BEGIN Task inputs

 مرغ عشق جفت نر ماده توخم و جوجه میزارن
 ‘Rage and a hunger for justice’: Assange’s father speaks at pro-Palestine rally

END Task inputs
BEGIN Task inputs

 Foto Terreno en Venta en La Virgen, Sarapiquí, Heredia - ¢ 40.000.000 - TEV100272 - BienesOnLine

END Task inputs
BEGIN Task inputs

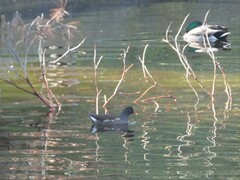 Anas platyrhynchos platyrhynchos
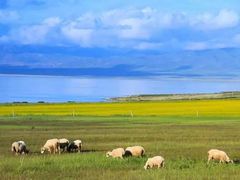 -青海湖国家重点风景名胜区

END Task inputs

Instructions to follow: Please return the lines above that run from the line containing "مرغ عشق جفت نر ماده توخم و جوجه میزارن" to the line containing "at pro-Palestine rally", inclusive, exactly and with no other lines.

Task answer:
 مرغ عشق جفت نر ماده توخم و جوجه میزارن
 ‘Rage and a hunger for justice’: Assange’s father speaks at pro-Palestine rally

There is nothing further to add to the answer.